The flood waters that deluged northern Colorado last month left more than a dozen school districts hustling to provide basic services to thousands of students newly-designated as homeless.

That means help with transportation to and from school even if students are now living far from their home schools or in other districts. It means free lunches, new school clothes, new backpacks, and fee waivers for things like after-school care or full-day kindergarten.

A family received donated items at Greeley’s Bella Romero Elementary School, where nearly 300 students were classified as homeless after the flooding. Photo courtesy of Theresa Myers. (Patrick Wall)

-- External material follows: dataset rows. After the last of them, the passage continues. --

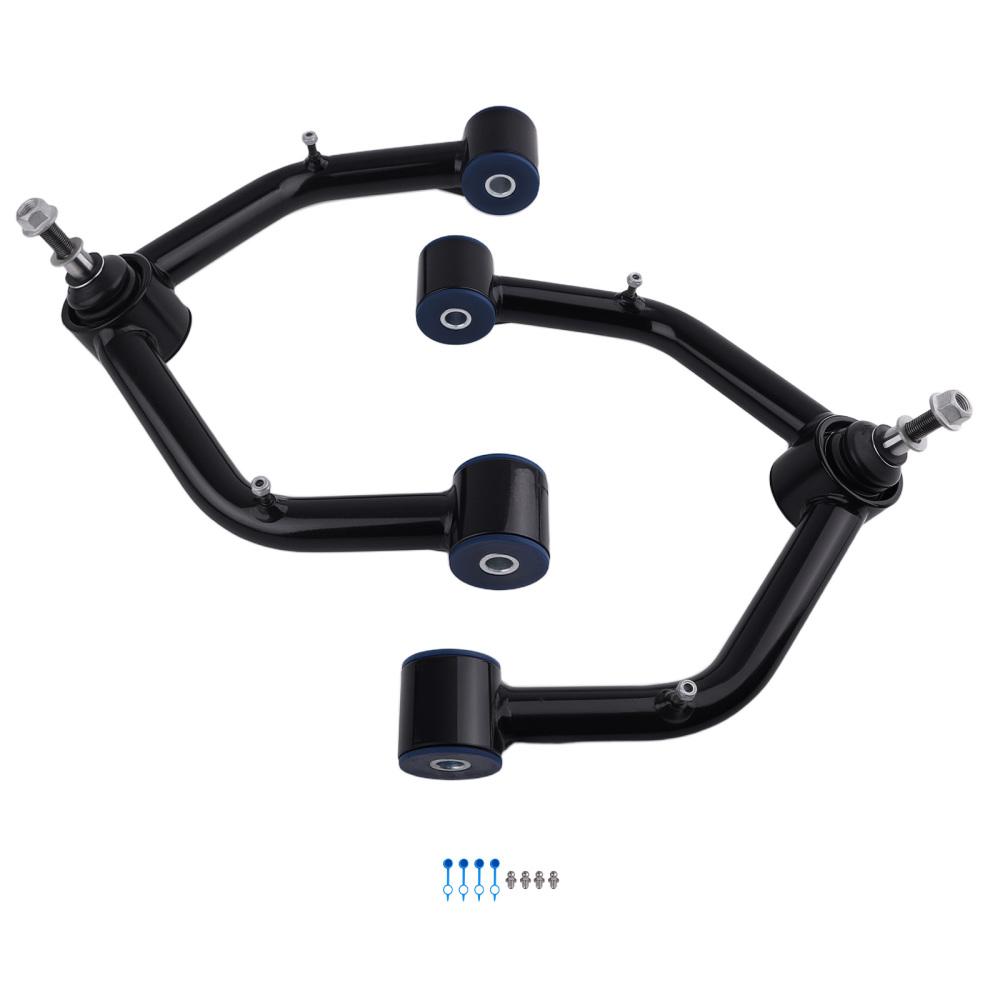 2x Front Upper Control Arms 2-4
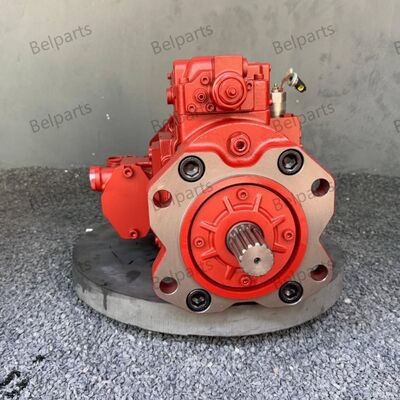 DH258 K3V112DTP-HNOV-14T-02 এক্সকাভেটর হাইড্রোলিক মেইন পাম্প অ্যাসেম্বলি প্রতিস্থাপন যন্ত্রাংশ belparts এর সাথে সামঞ্জস্যপূর্ণ
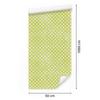 Stars Wallpaper Yellow, Cream and Beige for Living Room and Bedroom 50x1000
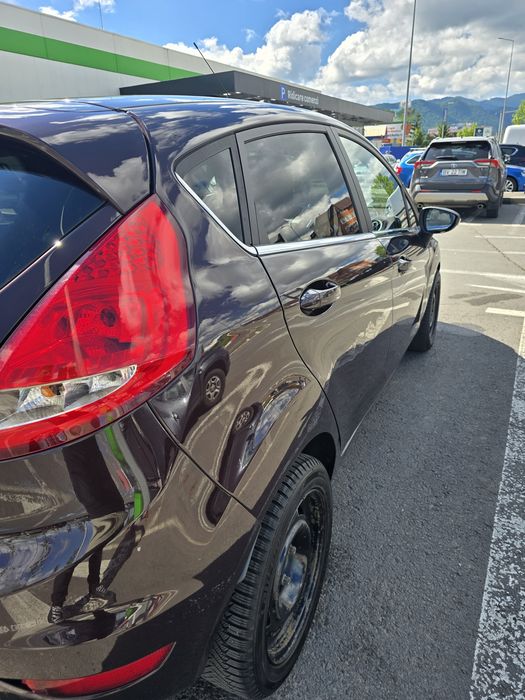 FORD Fiesta 2010 — imagine 3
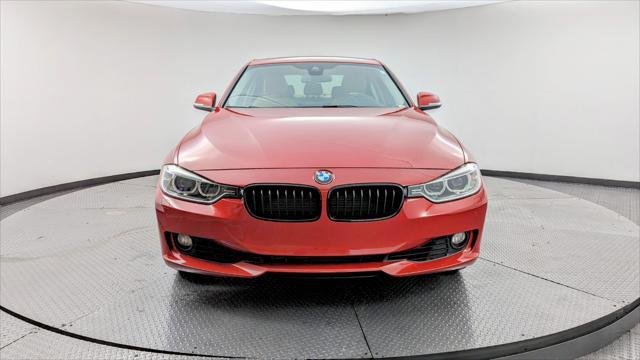 used 2015 BMW 335 car, priced at $16,299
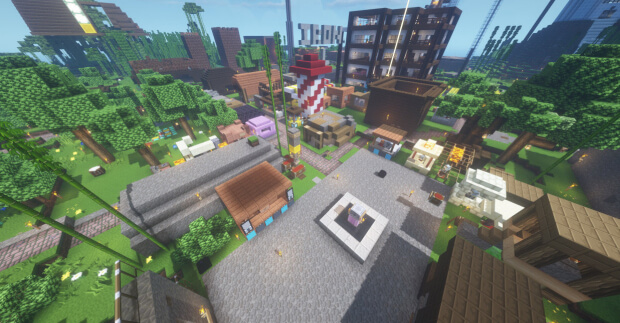 Student Built Marketplace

While administrators are happy to help their flood-ravaged families get back on track, and community donations and volunteer efforts have eased the pain, the sudden surge in students legally classified as homeless is both overwhelming and costly.

In Weld County School District 6, where 800 students are newly homeless, the district has been spending about $1,000 a day to transport displaced students from temporary quarters to their home schools, in some cases sending buses far afield to pick up students doubled up with relatives or staying in hotels. Under a federal law called the McKinney-Vento Homeless Assistance Act, school districts are required to provide students classified as homeless with the services they need to stay in school.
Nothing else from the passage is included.